These people went from being total strangers to being the center of the ward in just a few weeks' time. It was purely amazing. If they hadn't been transferred back to Arizona at the end of the summer, they could have ended up as the king and queen of our ward. Thirty years later, I still wonder what happened to Alma Taylor and his wife Mary Lou. I'm sure they are king and queen of the ward, wherever they are.
I've moved around many times too and learned a long time ago that to get a friend you must be one first. I also visit a lot of wards when traveling. I walk into a ward I'm visiting, put on my smile that wins hearts, and stick out my hand to everyone I pass. I introduce myself and find some nice thing to say about the person or their family and it usually takes off from there.

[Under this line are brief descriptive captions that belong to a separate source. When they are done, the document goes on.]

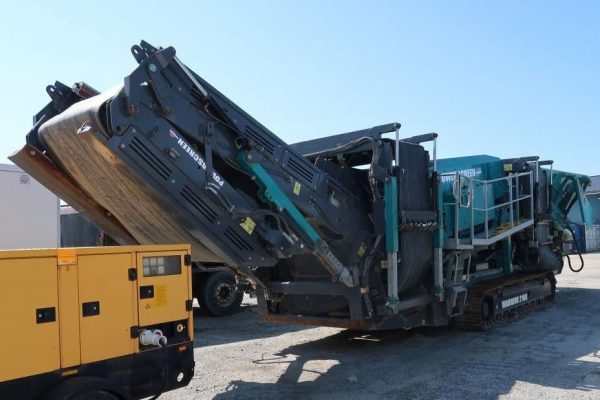 Powerscreen Warrior 2100 Triple Shaft Scalping Screen Powerscreen Warrior 2100 Triple Shaft Scalping Screen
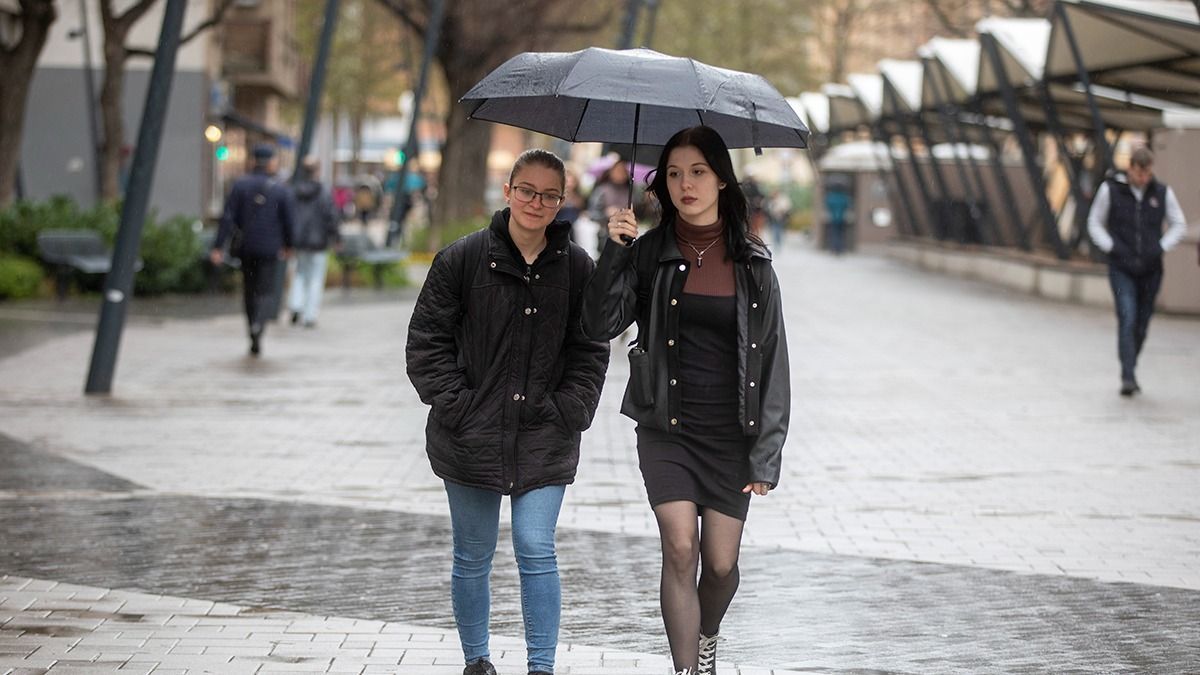 Borzasztó idő várható ma, az esőkabátra pedig egész héten szükség lesz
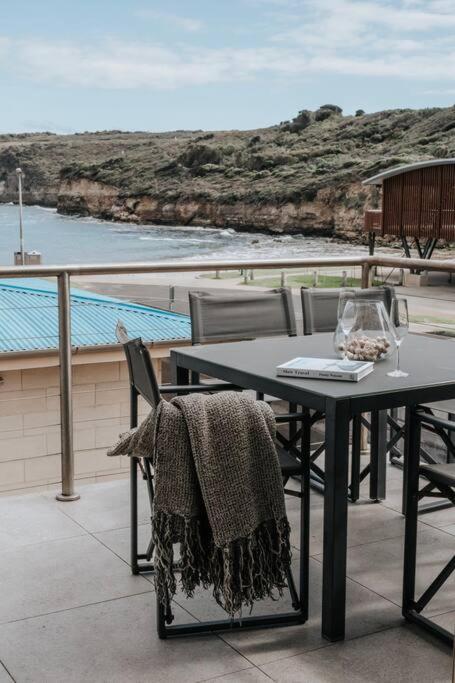 Surf break at Bayview villas SEA VIEW photo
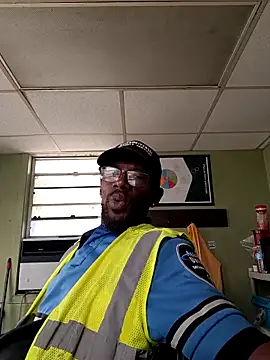 Snapshot of Txdarkmeat74 chatting on April 1, 5:32 pm Txdarkmeat74 online show from April 1, 5:32 pm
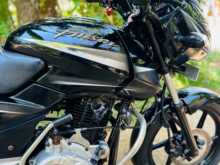 Bajaj Pulsar 150 2014 Motorbike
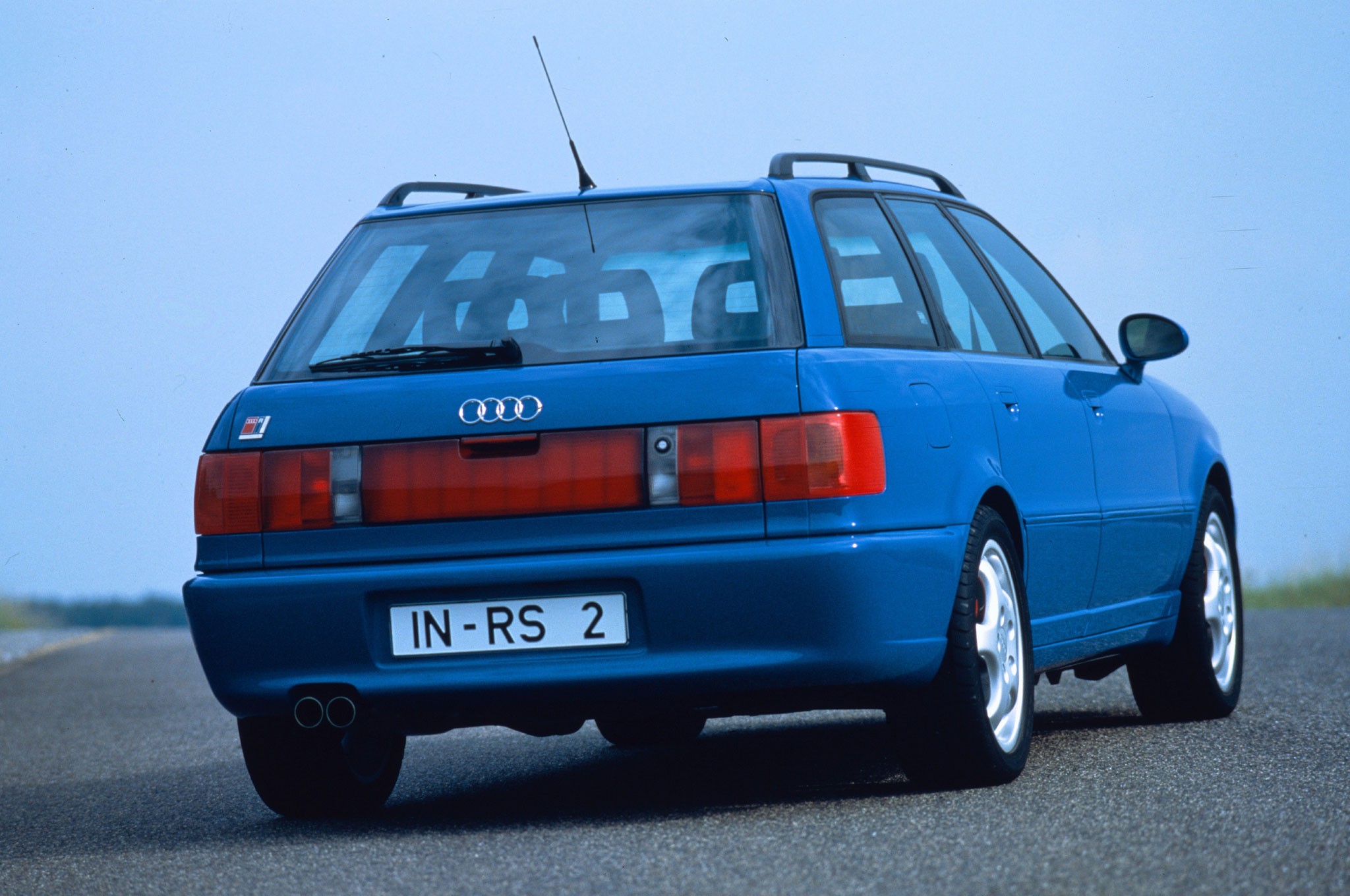 1993 Audi Avant RS2 rear three quarter view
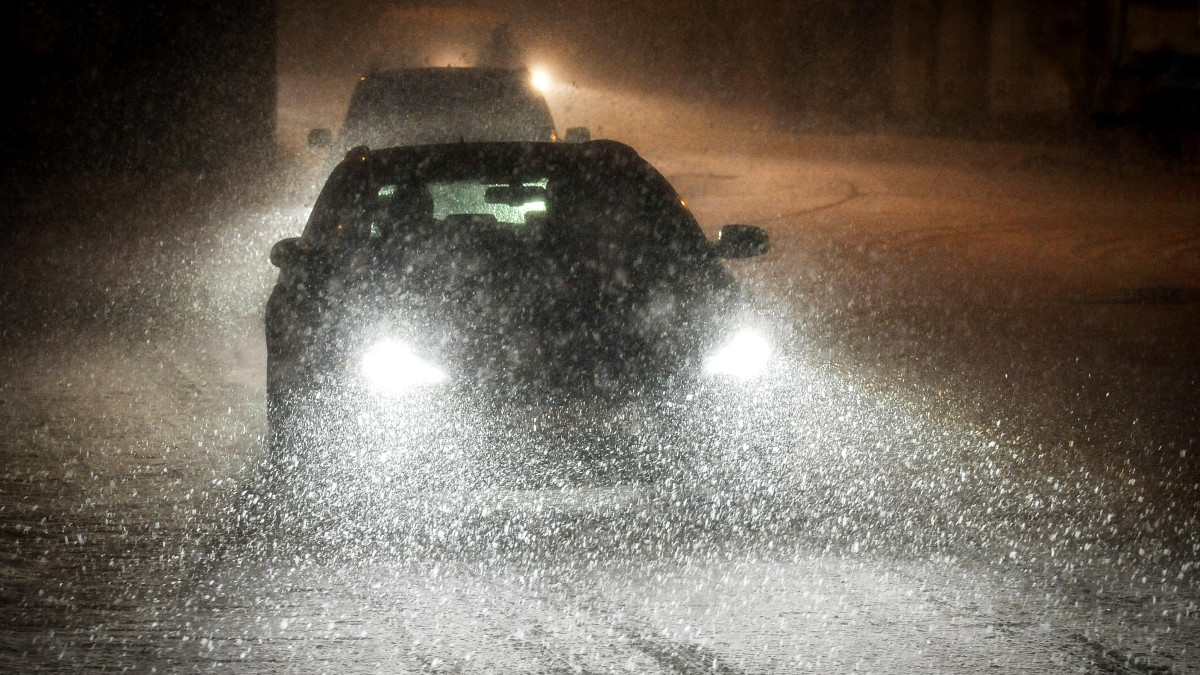 Wolontariusze na drogach, samochody w rowach. Tragiczne skutki śnieżnego chaosu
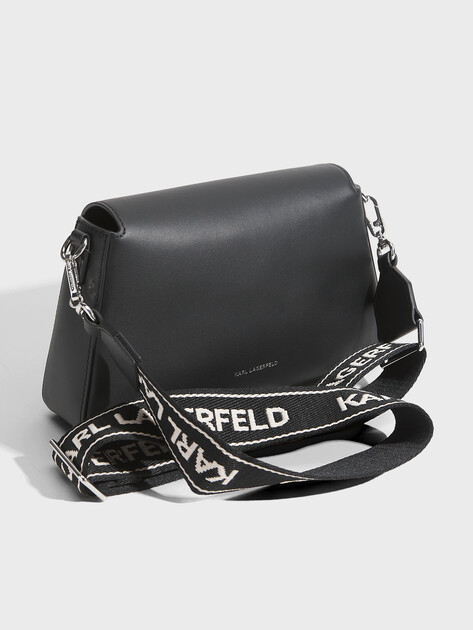Женская сумка через плечо кросс-боди KARL LAGERFELD ikon/k soft webbing crossbody, Артикул A2W30198, черный | 4522326. Ракурс 3 Женская сумка через плечо кросс-боди KARL LAGERFELD ikon/k soft webbing crossbody, Артикул A2W30198, черный | 4522326. Ракурс 3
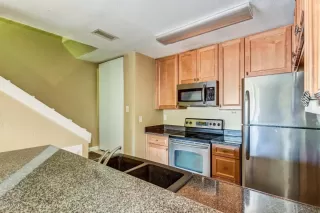 Photo #5: 6125141 Listing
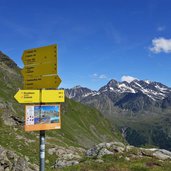 wegweiser im hintergrund schobergruppe um petzeck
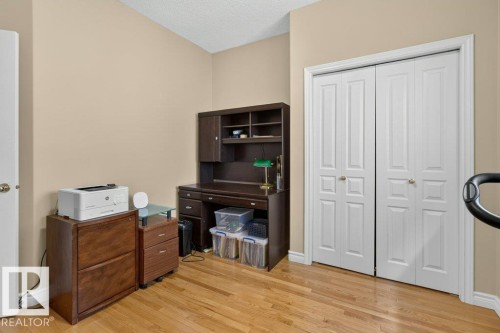 925 Burrows Crescent Nw, Edmonton, AB - Indoor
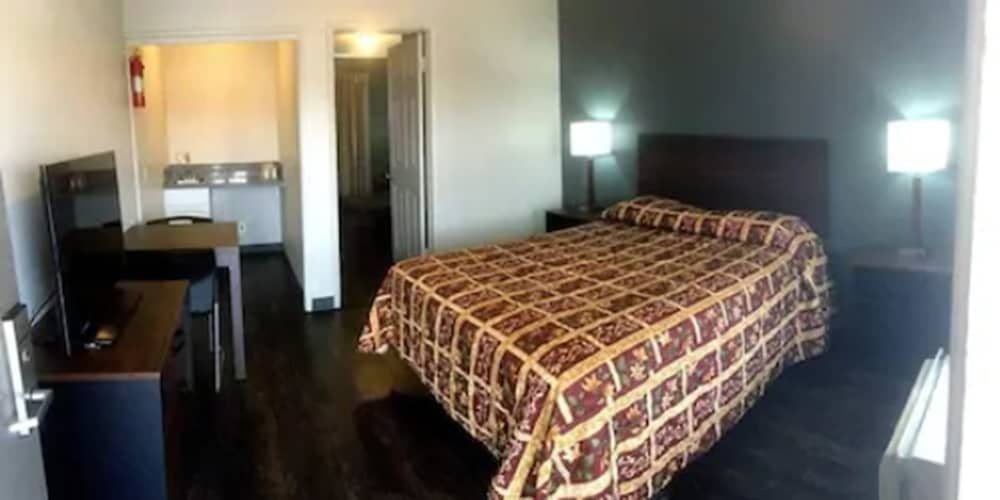 2 Bedroom Suite, 1 Queen Bed, 1 Sofa Bed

If you wait for others to make the first move, they may be shyer than what shows.
A loyal reader in the Beautiful Hill Country of Texas —
Beverly Barnt Moore
You're right, Beverly — the best way to befriend people is to be the one to make the first move. That's a very hard thing for introverts to do, but sometimes it's the only thing that works.
Dear Sister in Colorado , I feel very deeply for you. I too was in a military family. If you think it's hard as an adult, try being 12, 13, 14, or — worst yet — 15 in a new ward. Youth can be very hard on the new kid. When I was in that part of my life, I tried to find someone else who was also left out. Sad to say there were always a few. They didn't care who it was that cared, just that someone did.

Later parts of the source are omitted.